From the summit of the keep he had caught a silvery gleam of water in a hollow no great distance away. It was probably the Haunted Pool, about which the guide had told them, and lay darkling in its forest hollow, with a fringe of bulrushes, and outside that a margin of soft turf that was pleasant to the feet. For all it had the name of being haunted, there was nothing weird or uncanny about the place, but rather an air of sweet solitariness as though of one of Nature’s temples, sacred to the shy creatures of the wood, upon which for any human foot to intrude was to break some mystic spell.
For a few moments Lisle and Ethel stood drinking in the silent beauty of the scene. Then said Everard,
“Suppose we rest here awhile, ‘the world forgetting, by the world forgot.’” Speaking thus he led the way to the trunk of a tree, blown down in some tempest years before, which had been left unheeded where it had fallen.
And now at length had come the moment so long looked forward to, so long delayed, so long regarded with apprehension, but now at last seized on with a gladness which he himself felt to be closely allied to audacity. For events might yet make a mockery of his gladness and prove it to have no better foundation than a certain oracular utterance on the part of an old lady who believed herself possessed of a gift for seeing farther into a millstone than her neighbours. All this might come to pass of course, and yet he was not at all dismayed. To-day he felt lifted above the common world. For the time he breathed “an ampler ether, a diviner air.”

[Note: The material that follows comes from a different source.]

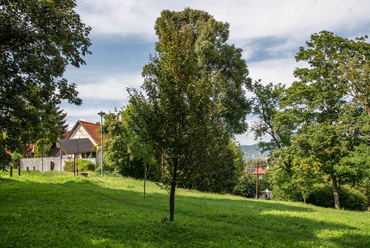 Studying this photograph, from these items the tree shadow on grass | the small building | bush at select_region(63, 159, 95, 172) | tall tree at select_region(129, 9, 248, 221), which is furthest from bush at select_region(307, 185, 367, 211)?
the small building

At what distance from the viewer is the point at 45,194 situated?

Nevertheless, it was in very commonplace terms that he began what he had to say.
“Do you know, Lady Pell quite startled me as she and I were standing together on the keep before luncheon.” He was not looking at Ethel, but leaning forward and punching holes in the turf with the ferrule of his walking-stick.
“I should have thought your nerves proof against anything Lady Pell might have to say to you,” answered Ethel smilingly.
“She gave me to understand that her stay at the Chase was drawing to a close, and that in a very little while she and you would be winging your flight elsewhere.”
There was a moment’s silence, and then Ethel said: “It was a very natural announcement, and I cannot see what there was in it to startle you.”
“That is because you look at it from one point of view, and I from another. To you it means fresh faces and other scenes—in short, a change, probably more or less welcome after the quiet and monotony of existence at Withington Chase.”